- HOW TO COMPLETE THIS TASK: Copy only what lies from the line containing "desgaste da potência" through the line containing "Peace Love Audiology Hoodie" in the entries below, keeping both end lines exact and dropping every picture.

- RECORDS FOR PROCESSING:
____

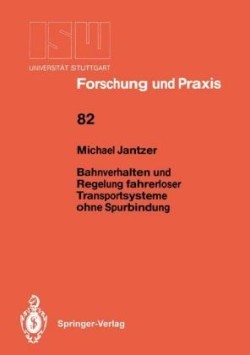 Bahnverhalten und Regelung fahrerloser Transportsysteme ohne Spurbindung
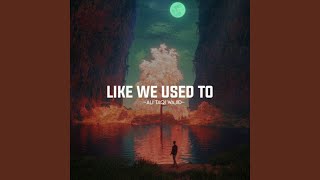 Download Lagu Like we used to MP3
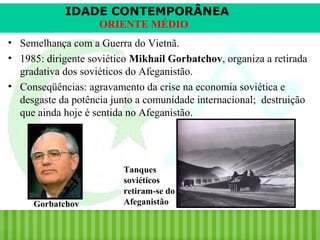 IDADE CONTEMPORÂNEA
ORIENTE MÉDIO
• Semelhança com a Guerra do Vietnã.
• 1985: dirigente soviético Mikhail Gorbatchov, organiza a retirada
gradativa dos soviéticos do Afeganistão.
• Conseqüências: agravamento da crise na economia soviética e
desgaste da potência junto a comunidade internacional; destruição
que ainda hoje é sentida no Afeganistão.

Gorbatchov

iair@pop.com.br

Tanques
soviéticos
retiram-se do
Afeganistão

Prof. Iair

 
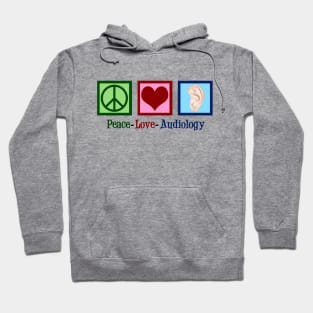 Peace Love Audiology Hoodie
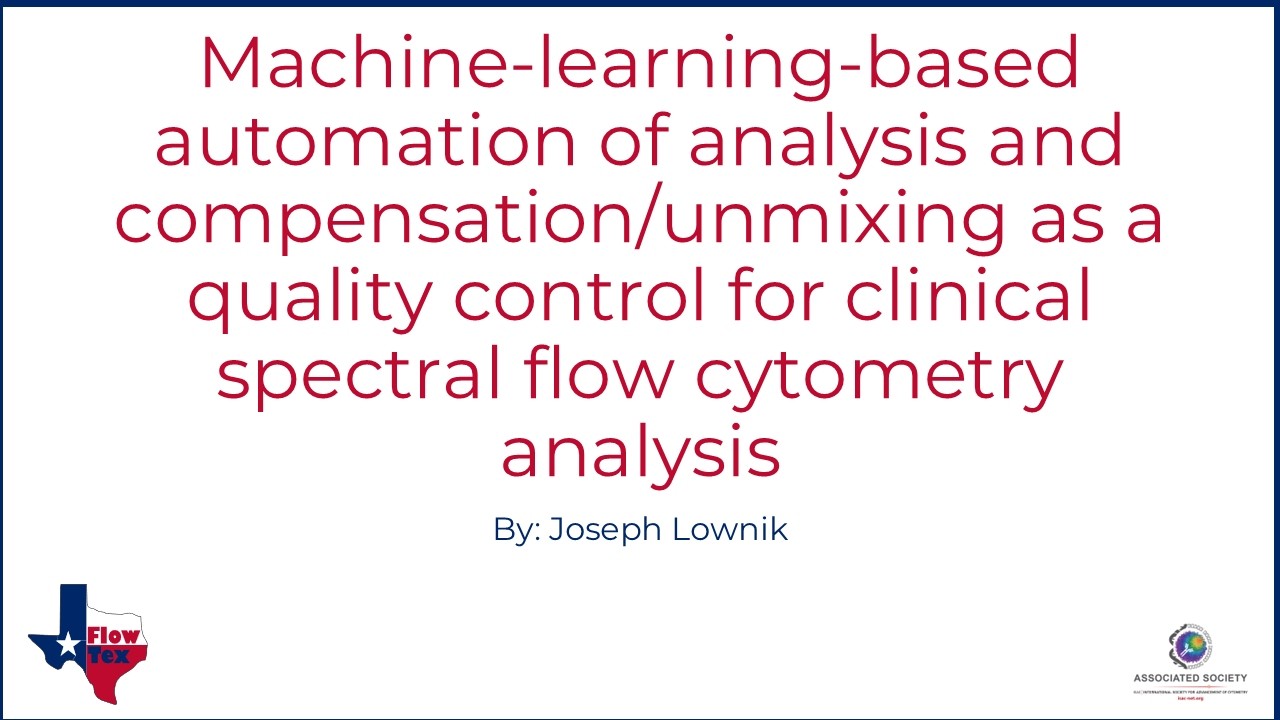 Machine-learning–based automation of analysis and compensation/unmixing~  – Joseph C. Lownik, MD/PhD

____

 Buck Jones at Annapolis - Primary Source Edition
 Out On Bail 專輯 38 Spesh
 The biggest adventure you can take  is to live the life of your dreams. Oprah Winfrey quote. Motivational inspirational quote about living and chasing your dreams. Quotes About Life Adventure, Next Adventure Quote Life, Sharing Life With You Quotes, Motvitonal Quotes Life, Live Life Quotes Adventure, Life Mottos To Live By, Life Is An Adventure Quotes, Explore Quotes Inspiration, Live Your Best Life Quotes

____

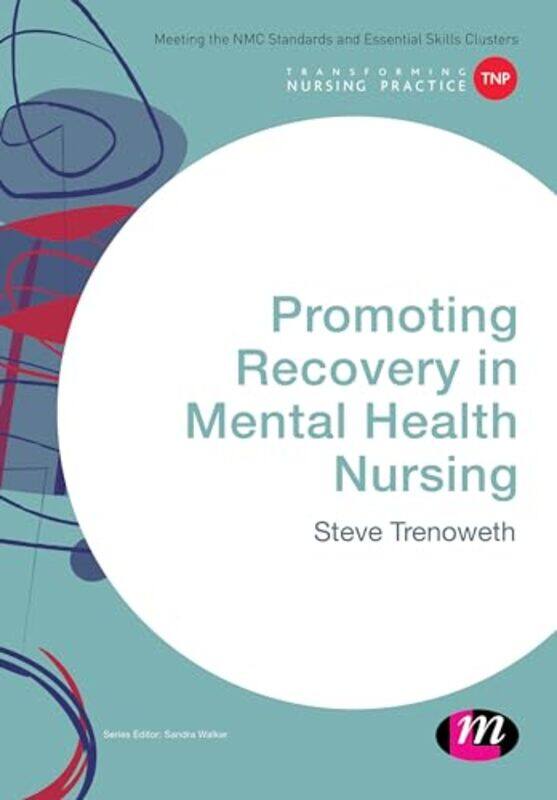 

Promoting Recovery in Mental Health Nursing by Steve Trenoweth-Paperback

____

- RESULT:
desgaste da potência junto a comunidade internacional; destruição
que ainda hoje é sentida no Afeganistão.

Gorbatchov

iair@pop.com.br

Tanques
soviéticos
retiram-se do
Afeganistão

Prof. Iair

 
 Peace Love Audiology Hoodie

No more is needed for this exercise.